● Work required: Please set down only the lines below starting with the line with "TIKTOK VIRAL: Pareja" and going on through the line with "Japonezii au sărbătorit", verbatim and without pictures.

Material for the task START

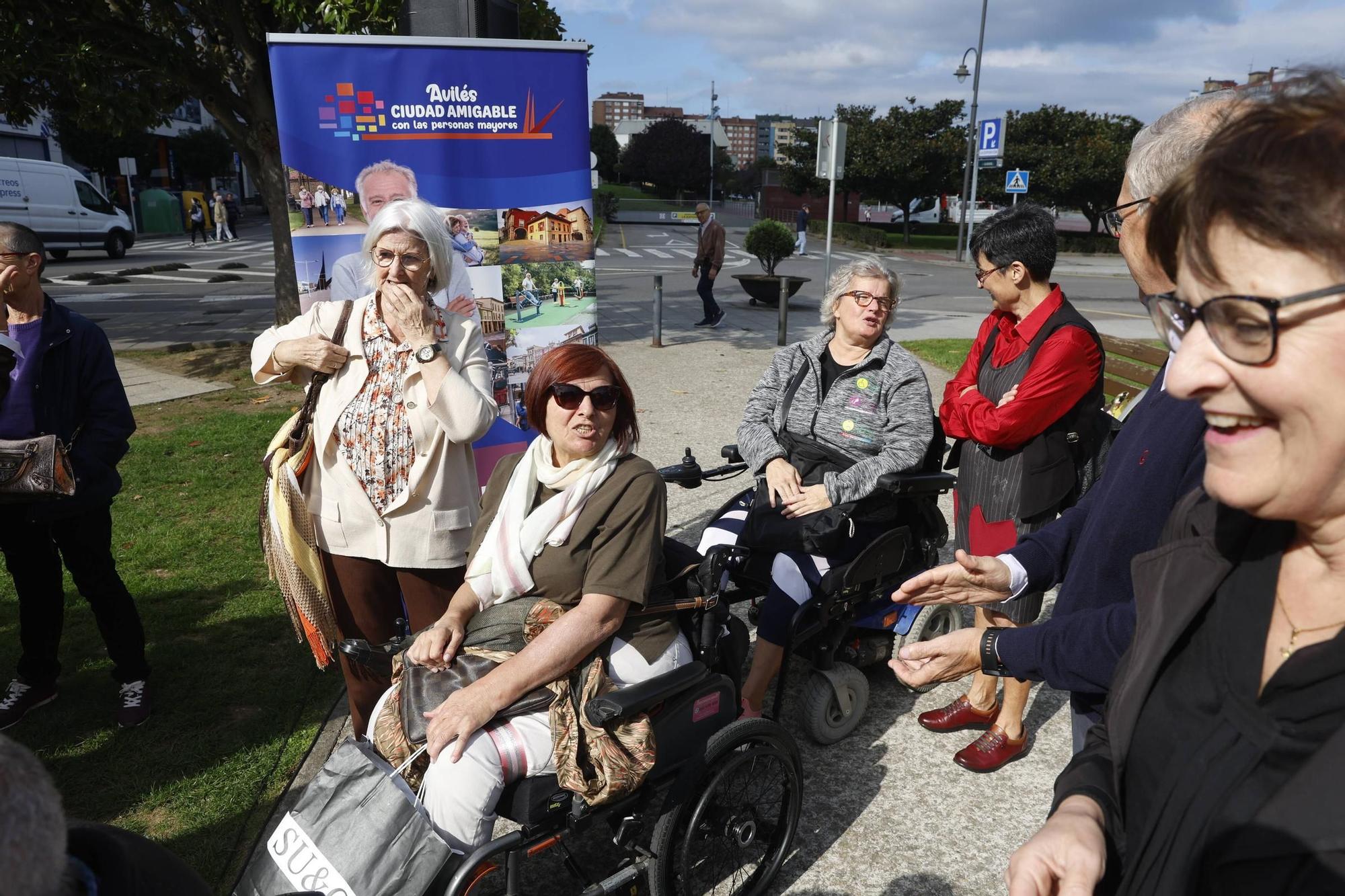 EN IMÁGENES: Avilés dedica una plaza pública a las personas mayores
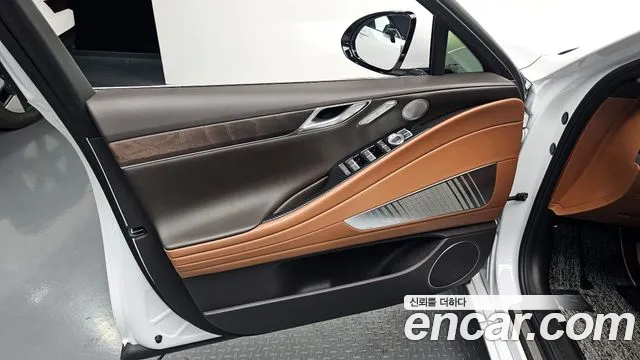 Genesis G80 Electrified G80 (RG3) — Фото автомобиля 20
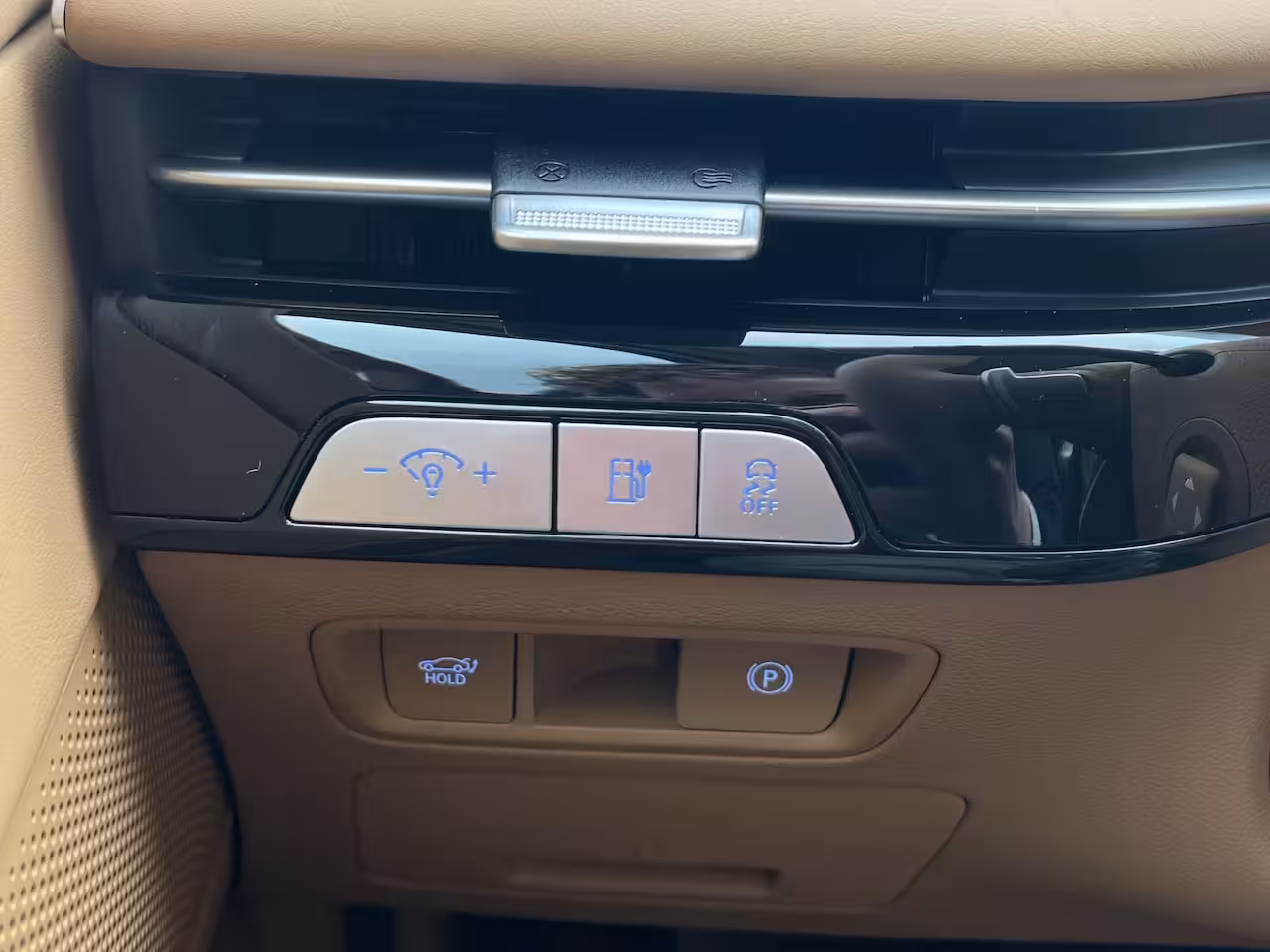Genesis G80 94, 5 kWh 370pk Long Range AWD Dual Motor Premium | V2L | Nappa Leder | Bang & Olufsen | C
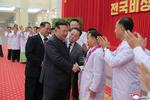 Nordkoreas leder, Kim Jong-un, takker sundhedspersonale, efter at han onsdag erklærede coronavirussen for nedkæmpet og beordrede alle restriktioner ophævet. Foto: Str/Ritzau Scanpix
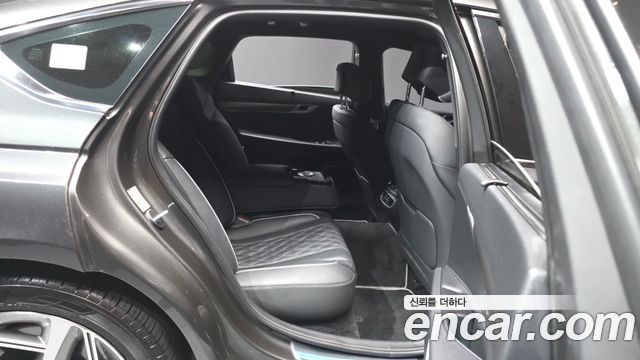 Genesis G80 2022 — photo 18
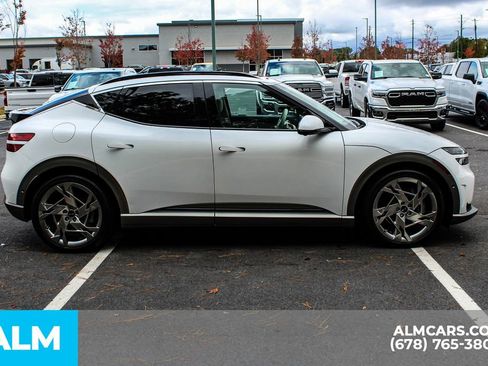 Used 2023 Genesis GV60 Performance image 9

Material for the task END
Material for the task START

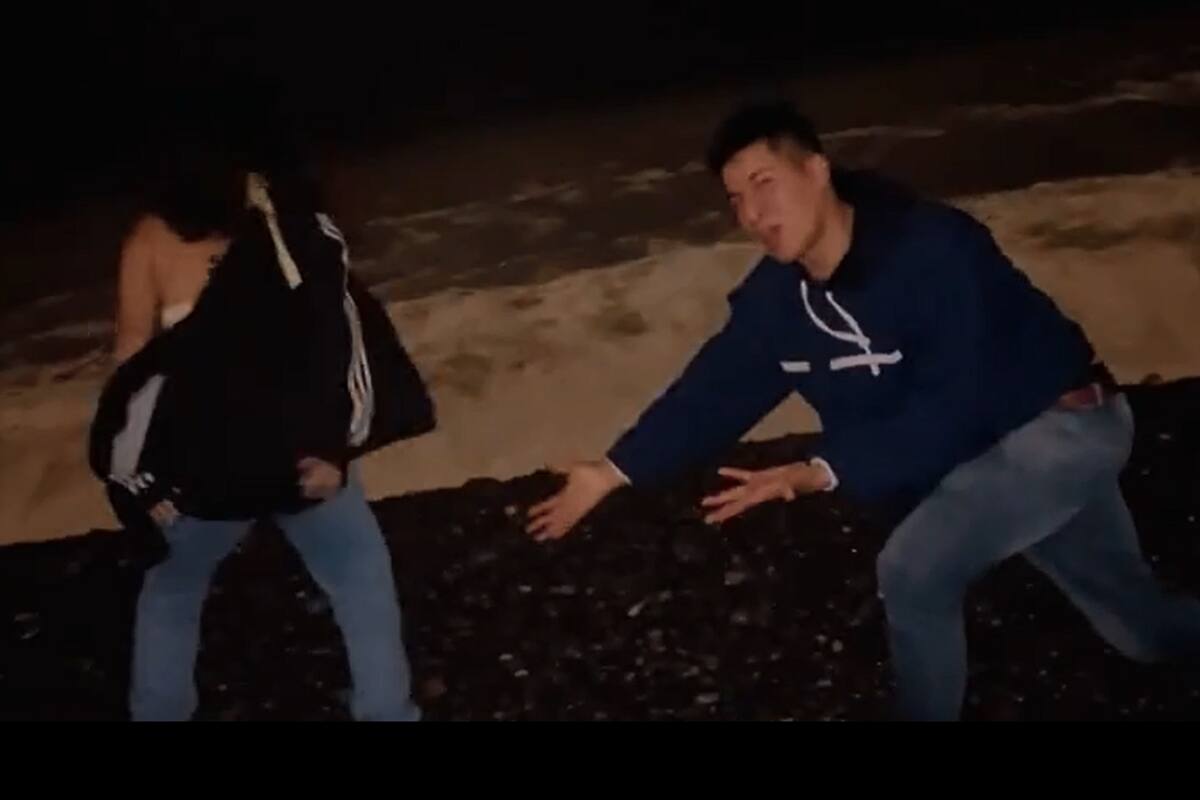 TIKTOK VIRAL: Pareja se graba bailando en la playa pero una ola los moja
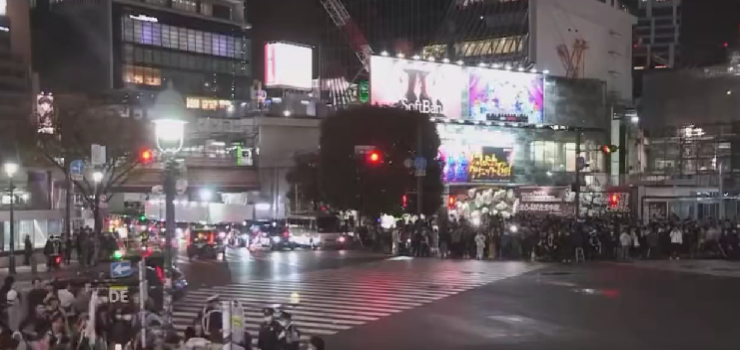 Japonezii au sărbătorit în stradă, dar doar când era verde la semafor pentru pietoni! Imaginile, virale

Material for the task END

● Output of the exercise:
 TIKTOK VIRAL: Pareja se graba bailando en la playa pero una ola los moja
 Japonezii au sărbătorit în stradă, dar doar când era verde la semafor pentru pietoni! Imaginile, virale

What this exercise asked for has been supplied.